Pero las fases subsiguientes son mucho más difíciles. Una vez que ya no se está lidiando con masacres donde los asesinos dejan manta y mensaje, sino con homicidios individuales con motivaciones no evidentes, el asunto se complica. Se requieren entonces capacidades de investigación y procuración de justicia. Éstas, por definición, son de construcción lenta.

Esa lentitud se exacerba por un problema político. Una vez pasada la crisis, las autoridades pierden sentido de urgencia. Si ya sólo hay uno o dos homicidios al día, si la ciudad ya no está en la lista de las urbes más inseguras del mundo, si la violencia ya no está en los medios ni en las preocupaciones de los votantes, ¿para qué preocuparse? En ese punto, la violencia empieza a ser un asunto a administrar, no un flagelo a reducir.

Dada esa lógica, ¿qué le espera a Ciudad Juárez? Más de lo mismo: mucha más violencia que la aceptable, pero mucho menos que la necesaria para detonar una transformación institucional.

EN OTRAS COSAS. En esta columna se habla habitualmente de plata o plomo, pero por única ocasión, permítanme hablar de otros metales. Sólo cuatro tipos de naciones obtienen muchas medallas en los Juegos Olímpicos: 1) los países desarrollados, 2) los países regimentados y con tendencias totalitarias, 3) los países sede, y 4) los países altamente especializados en una disciplina con muchas preseas en juego (Jamaica, Kenia).

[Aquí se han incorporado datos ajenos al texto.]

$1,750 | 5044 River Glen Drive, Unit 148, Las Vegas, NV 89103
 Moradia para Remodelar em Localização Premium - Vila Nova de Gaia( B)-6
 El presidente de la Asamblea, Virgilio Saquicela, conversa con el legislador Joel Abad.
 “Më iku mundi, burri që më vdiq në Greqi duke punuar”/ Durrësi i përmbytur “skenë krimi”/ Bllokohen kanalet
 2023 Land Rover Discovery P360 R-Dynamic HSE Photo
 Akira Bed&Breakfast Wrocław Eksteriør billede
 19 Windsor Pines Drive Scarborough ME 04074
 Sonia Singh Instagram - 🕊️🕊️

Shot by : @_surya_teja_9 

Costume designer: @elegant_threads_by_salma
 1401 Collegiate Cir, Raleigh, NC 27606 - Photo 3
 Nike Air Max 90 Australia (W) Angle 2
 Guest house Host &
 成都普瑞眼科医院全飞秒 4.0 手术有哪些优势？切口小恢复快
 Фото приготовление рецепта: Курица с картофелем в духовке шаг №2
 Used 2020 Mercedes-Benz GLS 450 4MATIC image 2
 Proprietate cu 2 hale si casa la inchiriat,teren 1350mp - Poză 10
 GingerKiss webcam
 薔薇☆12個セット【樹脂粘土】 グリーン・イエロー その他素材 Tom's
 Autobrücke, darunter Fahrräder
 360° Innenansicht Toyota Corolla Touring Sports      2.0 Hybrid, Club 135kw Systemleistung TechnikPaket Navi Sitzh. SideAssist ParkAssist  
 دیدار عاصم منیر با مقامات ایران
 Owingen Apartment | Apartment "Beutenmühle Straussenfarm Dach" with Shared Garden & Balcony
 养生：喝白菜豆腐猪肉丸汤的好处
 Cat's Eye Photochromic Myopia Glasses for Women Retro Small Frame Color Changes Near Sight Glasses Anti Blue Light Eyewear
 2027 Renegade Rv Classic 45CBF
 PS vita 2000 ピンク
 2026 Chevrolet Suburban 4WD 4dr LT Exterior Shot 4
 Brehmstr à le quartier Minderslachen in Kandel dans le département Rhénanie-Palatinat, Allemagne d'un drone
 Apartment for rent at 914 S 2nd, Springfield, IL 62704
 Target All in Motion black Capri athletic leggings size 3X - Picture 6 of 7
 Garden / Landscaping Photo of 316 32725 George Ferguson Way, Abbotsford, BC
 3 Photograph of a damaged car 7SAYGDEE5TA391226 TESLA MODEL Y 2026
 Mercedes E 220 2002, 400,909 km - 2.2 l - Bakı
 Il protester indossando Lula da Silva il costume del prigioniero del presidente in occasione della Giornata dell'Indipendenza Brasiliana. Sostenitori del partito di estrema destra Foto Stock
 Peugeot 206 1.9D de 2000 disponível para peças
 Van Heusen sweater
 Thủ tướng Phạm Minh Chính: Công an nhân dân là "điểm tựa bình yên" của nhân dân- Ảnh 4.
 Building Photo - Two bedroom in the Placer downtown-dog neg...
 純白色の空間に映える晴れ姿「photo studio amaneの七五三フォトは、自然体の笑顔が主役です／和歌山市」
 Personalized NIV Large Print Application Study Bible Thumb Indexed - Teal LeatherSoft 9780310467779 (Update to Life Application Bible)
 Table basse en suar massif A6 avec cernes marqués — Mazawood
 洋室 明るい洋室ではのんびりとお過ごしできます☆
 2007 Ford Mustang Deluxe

Por desgracia, México no es lo primero y por fortuna, no es lo segundo. Ser lo tercero deja un legado económico y social lamentable (pregúntenle a los brasileños) y lo cuarto equivale a sacarse el Melate. Entonces, mi sugerencia es que dejemos de agobiarnos por la posición de México en el medallero (eventualmente caerán dos, tres o cinco medallas) y disfrutemos los juegos. Al menos, eso pienso hacer yo.